Yeah, that happens. The blank page is the greatest challenge any would-be-writer faces. Infinite possibilities, and so easy to fuck it all up, and who would want to write it anyway? But you look around at the other stories on this site, and the realization swiftly comes that most people don't care, and most of the folks that do care tend to be more positive than negative. There's a reason why CHYOA has a like button but not a dislike button. Nobody is voting you off the island because you didn't describe the way a tongue slithers into a pussy with sufficient zest and elegance. It's all in good fun. Trepidation largely starts to evaporate with practice. If you don't think what you write is good enough, then actively work to get better. Write a scene, post it, and if it doesn't come out quite as you'd like, write another chapter and try harder. Maybe nothing any of us write here may ever go down in the hallowed halls of erotica like Aphrodite deep-throating Hesphaestus, but if you don't write anything then it's an absolute guarantee that you'll never improve your skills, or get the stories out of your head and into some kind of fixed form. For some folks, it's all about goals. Set yourself a time to write, and a goal. Doesn't have to be ambitious. Write 500 words, even if you end up deleting half of them. Create some characters. Outline a plot. Watch a porn video and think of how you would describe those actions in your own words. How you would capture what you feel when you read a really good scene. Set yourself little tasks and then do them. Maybe your first chapters won't be up to snuff, but if you keep writing, you can keep improving.

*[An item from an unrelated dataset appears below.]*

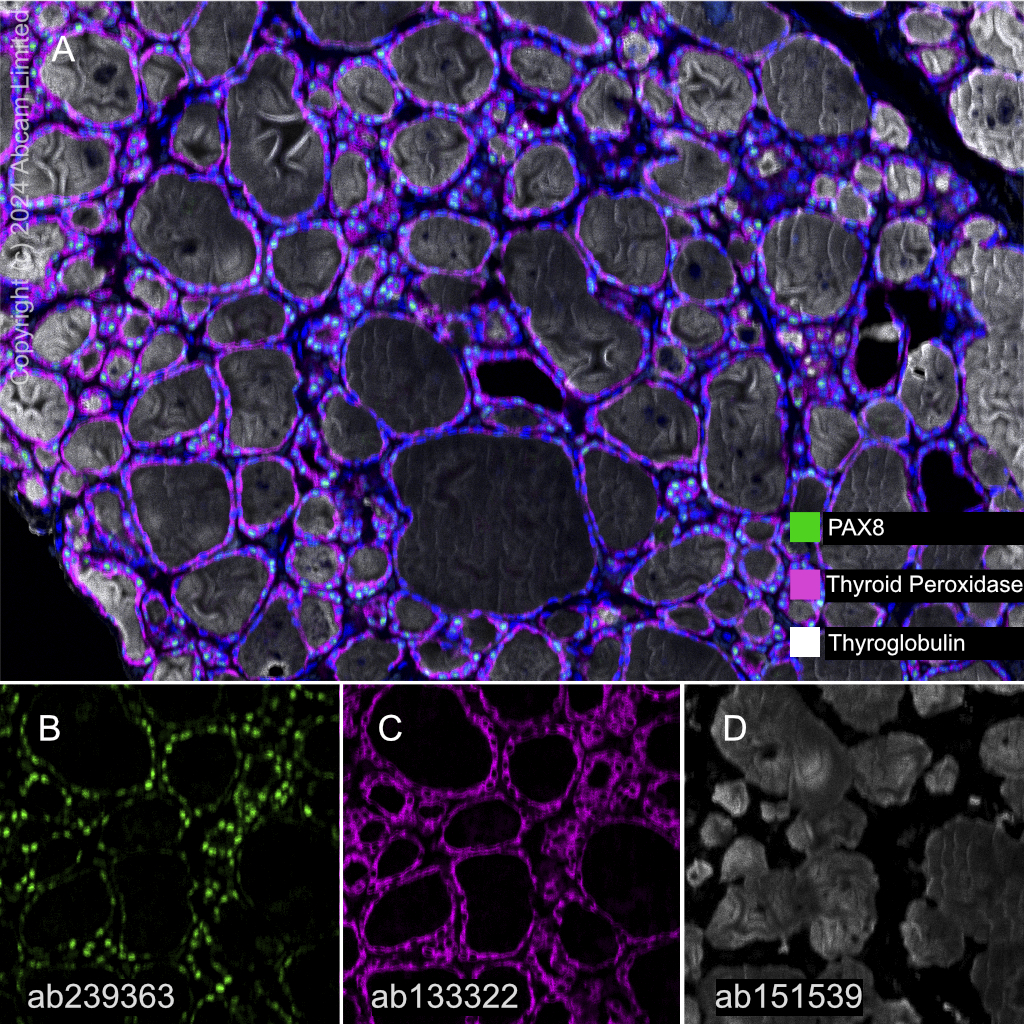 Multiplex immunohistochemistry - Anti-PAX8 antibody [EPR23508-20] (AB239363)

How often do you think about other people’s mistakes or faux pas? How much do you really care if someone’s a little weird? Even if you do think someone’s a little odd, does you thinking that affect their life in any way? Everyone else is a person just like you. They don’t have any more power or authority than you do. Their words are no more meaningful than yours are. Often they’re too caught up in their own world to pay you attention for more than a few moments. And even if they do give you attention, consider that no matter what you do, someone somewhere is going to think you’re wrong or stupid or untalented. You can’t please everyone. If you live your life for other people you’ll never live at all. You know why I write? Because it’s fun. And there are 8,000,000,000 people on the planet. At least a few of them are gonna enjoy what I put out. Those few are the people I want to read my work. Everyone else is free to ignore me as much as they like.
First and foremost I write for me, I enjoy the process. When I write I write what I enjoy reading, I'm not thinking about the my audience at all. Think of an actor about to go on stage, who has stage fright. If they think about the audience then the stage fright will get the better of them, they have to block it out and concentrate on their role. That's what you have to do as a writer, block out your audience and write for you. I'll let you into a little secret. Even the most experienced and confident authors on CHYOA worry when they post a new chapter, it's natural and normal, it just means you care. I'd say about 50% of what I write never sees the light of day, either I don't like it or it didn't work well enough. Again, that's normal, nobody writes perfect stuff ALL the time. I think first you need to just get used to writing, even if it's crap that will never get published, just write something, anything, just get words on a page, form a habit. Over time you'll get better, especially if you look at online resources to help guide you, there are loads but I find Reedsy very helpful. Good luck.